Plot empirical cumulative distribution function (ecdf) of a variable specified for data drift detection

Since R2022a

    Description

    example

    plotEmpiricalCDF(DDiagnostics) plots the ecdf values of the baseline and target data for the continuous variable with the lowest p-value. If the data does not contain any continuous variables, then plotEmpiricalCDF does not generate a plot and, instead, returns a warning.

    If you set the value of EstimatePValues to false in the call to detectdrift, then plotEmpiricalCDF displays NaN for the p-value and the drift status.

    example

    plotEmpiricalCDF(DDiagnostics,Variable=variable) plots the ecdf for the variable specified by variable.

    example

    plotEmpiricalCDF(ax,___) plots on the axes ax instead of gca, using any of the input argument combinations in the previous syntaxes.

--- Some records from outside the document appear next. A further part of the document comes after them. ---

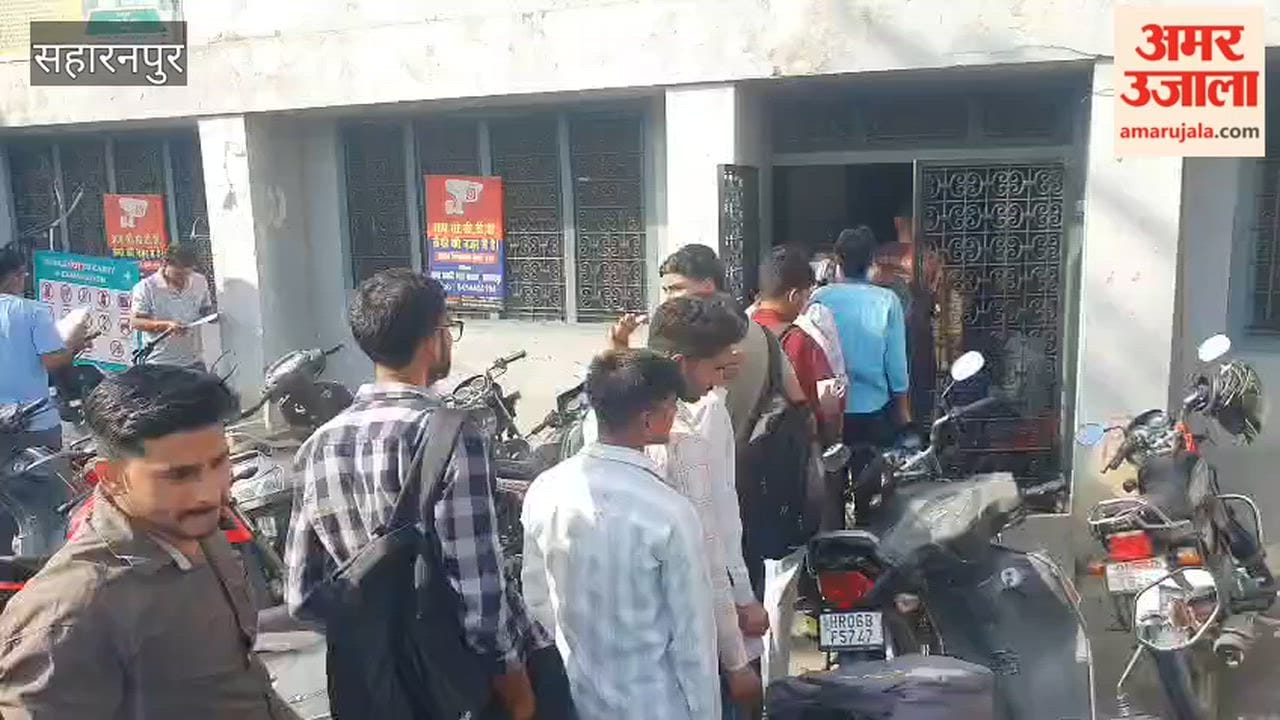 Saharanpur: Lekhpal Recruitment Exam Begins at 24 Centers in Saharanpur; Entry Granted After Rigorous Screening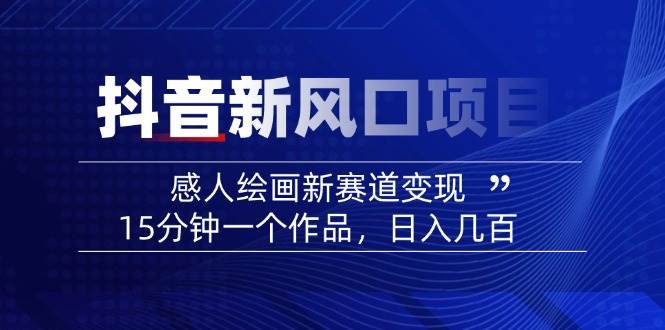 AI感人故事转绘画短视频，15分钟一个作品，爆款感人瞬间转绘画，可做创作者伙伴计划-天时网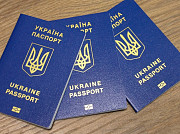 Паспорт Украины купить, оформить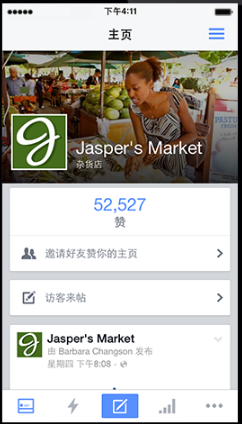 Facebook主页管理应用是什么？Facebook主页管理应用操作指南（附视频）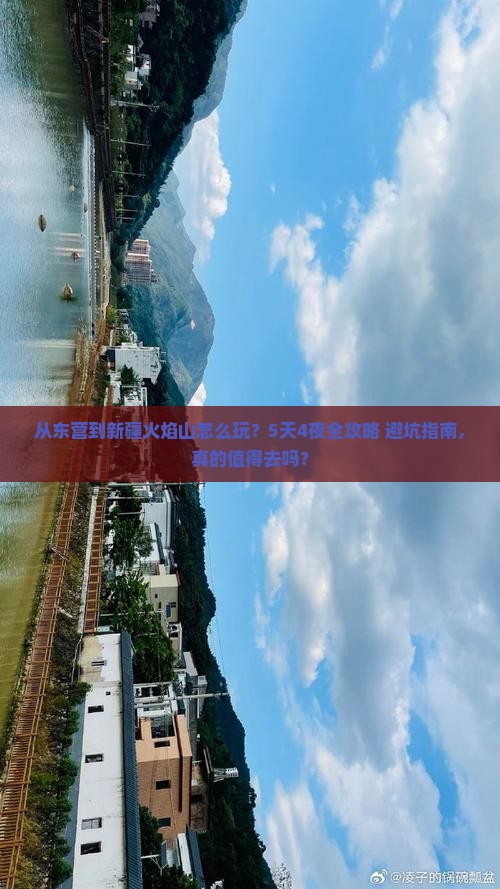 东营到新疆火焰山哪里玩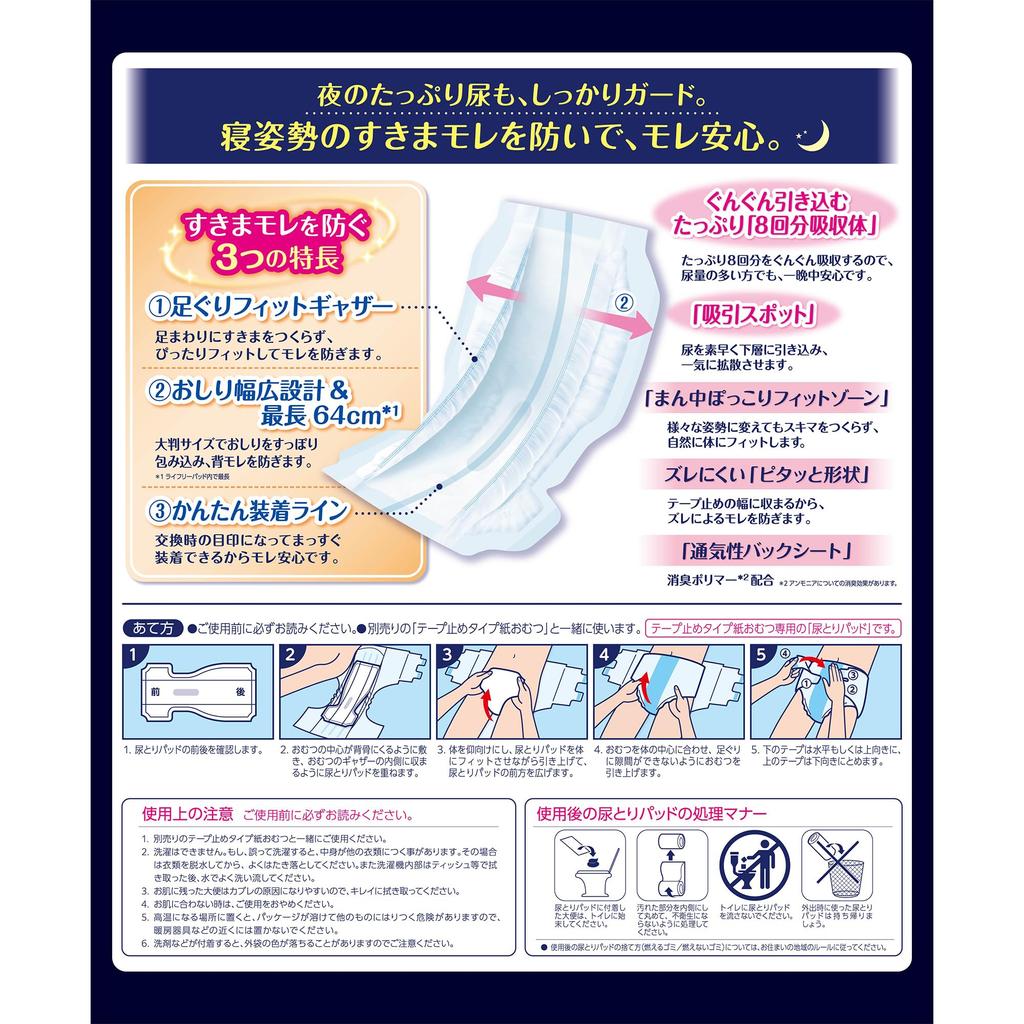 В Lifree лента для удаления мочи на ночь супер плюс на ночь 8 раз 110 листов листов x те, кто проводит много времени [Продается чехол] прокладка, безопасно, использовать,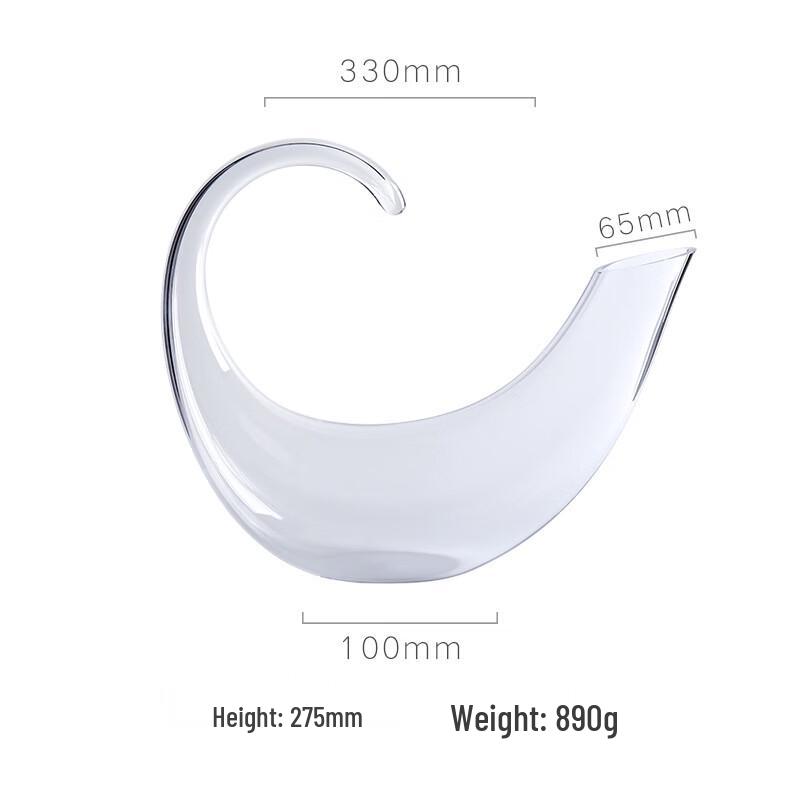 Shijin Crystal Glass Decanter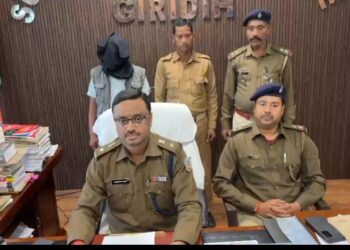 Giridih Crime News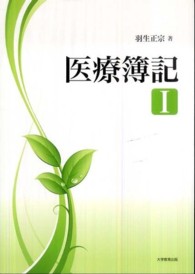 医療簿記 〈１〉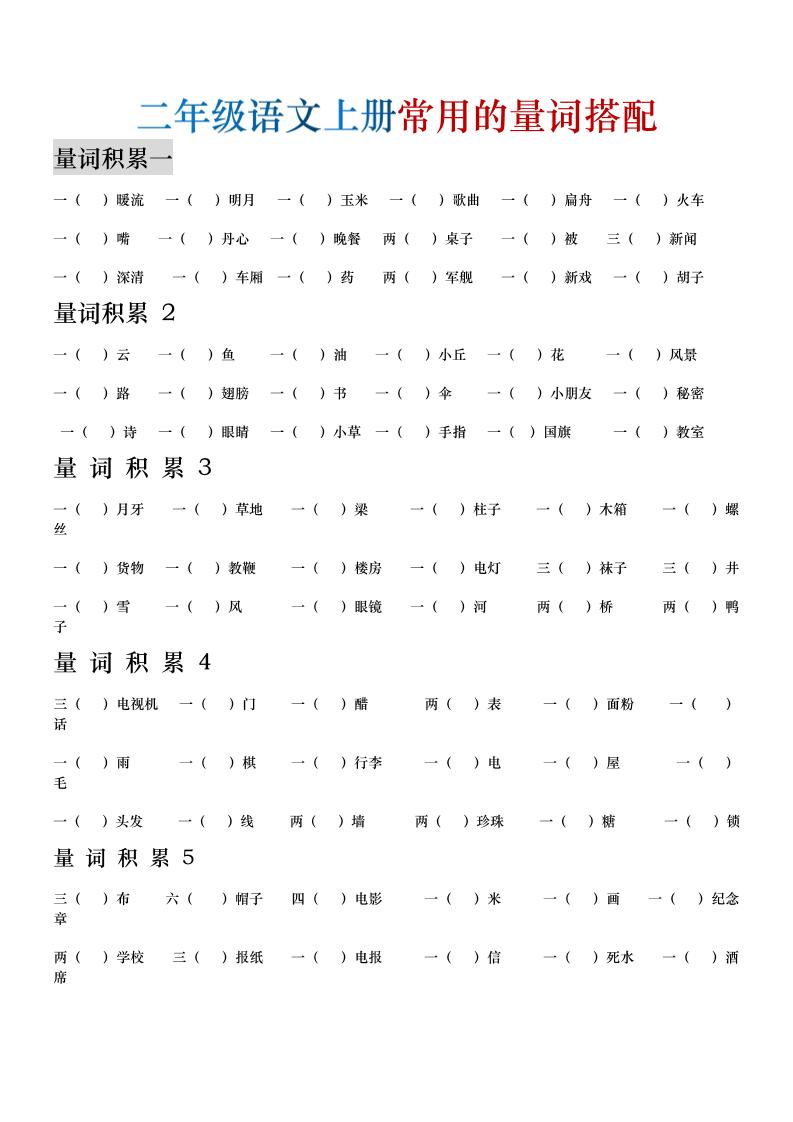 二年级语文上册常用的量词搭配-墨痕学科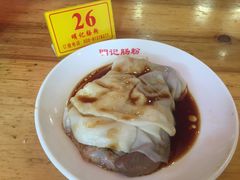 -西关明记肠粉(荔枝湾店)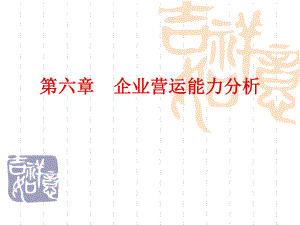 财务报表分析第六章企业营运能力分析.pptx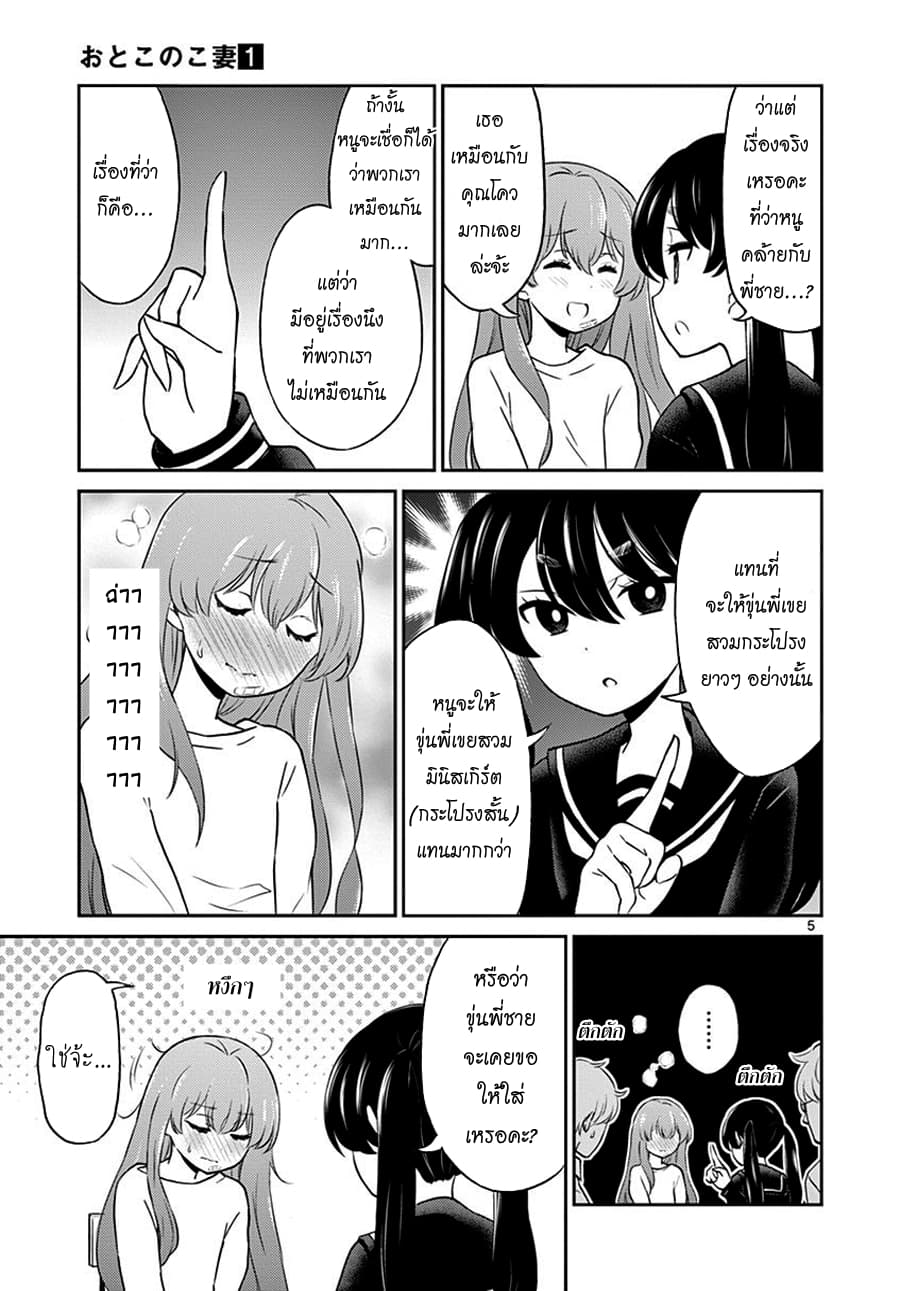 Otoko no Ko Tsuma page 5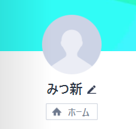 みつ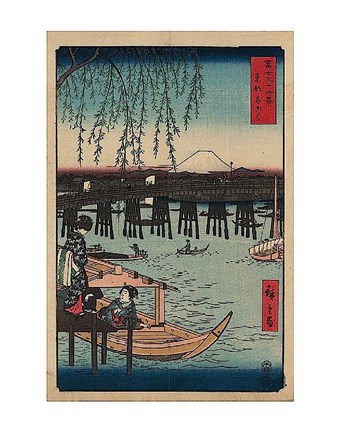 Framed Ryogoku Print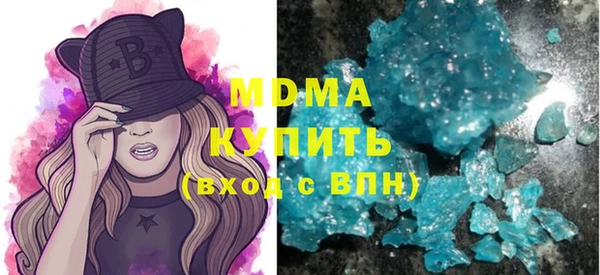 твердый Алексин
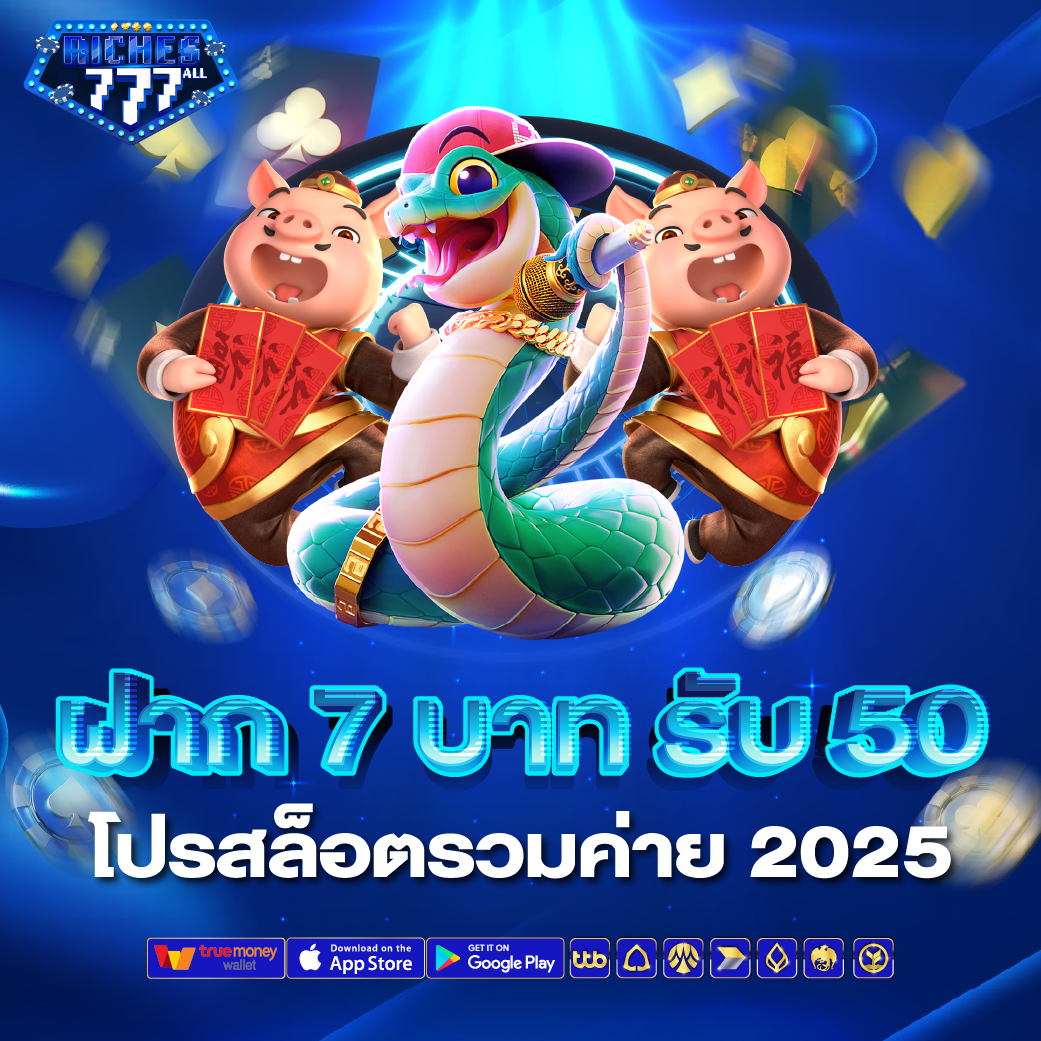 ฝาก 7 บาท รับ 50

    St = plotEmpiricalCDF(___) plots the ecdf and returns an array of Stair objects St. Use this to inspect and modify the properties of the object. To learn more, see Stair Properties.

    Examples

    collapse all

    Generate baseline and target data with three variables, where the distribution parameters of the second and third variables change for the target data.

    rng('default') % For reproducibility
    baseline = [normrnd(0,1,100,1),wblrnd(1.1,1,100,1),betarnd(1,2,100,1)];
    target = [normrnd(0,1,100,1),wblrnd(1.2,2,100,1),betarnd(1.7,2.8,100,1)];

    Perform permutation testing for all variables to check for any drift between the baseline and target data.

    DDiagnostics = detectdrift(baseline,target)
    DDiagnostics = 
      DriftDiagnostics
    
                  VariableNames: ["x1"    "x2"    "x3"]
           CategoricalVariables: []
                    DriftStatus: ["Stable"    "Drift"    "Warning"]
                        PValues: [0.3850 0.0050 0.0910]
            ConfidenceIntervals: [2×3 double]
        MultipleTestDriftStatus: "Drift"
                 DriftThreshold: 0.0500
               WarningThreshold: 0.1000
    
    
      Properties, Methods
    
    

    Plot the ecdf for the variable with the lowest p-value.

    plotEmpiricalCDF(DDiagnostics)

    By default, plotEmpiricalCDF plots the ecdf of the baseline and target data for the variable with the lowest p-value, which is x2 in this case. You can see the difference between the two empirical cumulative distribution functions. The plot also displays the p-value and the drift status for variable x2.

    Generate baseline and target data with three variables, where the distribution parameters of the second and third variables change for the target data.

    rng('default') % For reproducibility
    baseline = [normrnd(0,1,100,1),wblrnd(1.1,1,100,1),betarnd(1,2,100,1)];
    target = [normrnd(0,1,100,1),wblrnd(1.2,2,100,1),betarnd(1.7,2.8,100,1)];

    Perform permutation testing for all variables to check for any drift between the baseline and target data.

    DDiagnostics = detectdrift(baseline,target)
    DDiagnostics = 
      DriftDiagnostics
    
                  VariableNames: ["x1"    "x2"    "x3"]
           CategoricalVariables: []
                    DriftStatus: ["Stable"    "Drift"    "Warning"]
                        PValues: [0.3850 0.0050 0.0910]
            ConfidenceIntervals: [2×3 double]
        MultipleTestDriftStatus: "Drift"
                 DriftThreshold: 0.0500
               WarningThreshold: 0.1000
    
    
      Properties, Methods
    
    

    Plot the ecdf for the third variable.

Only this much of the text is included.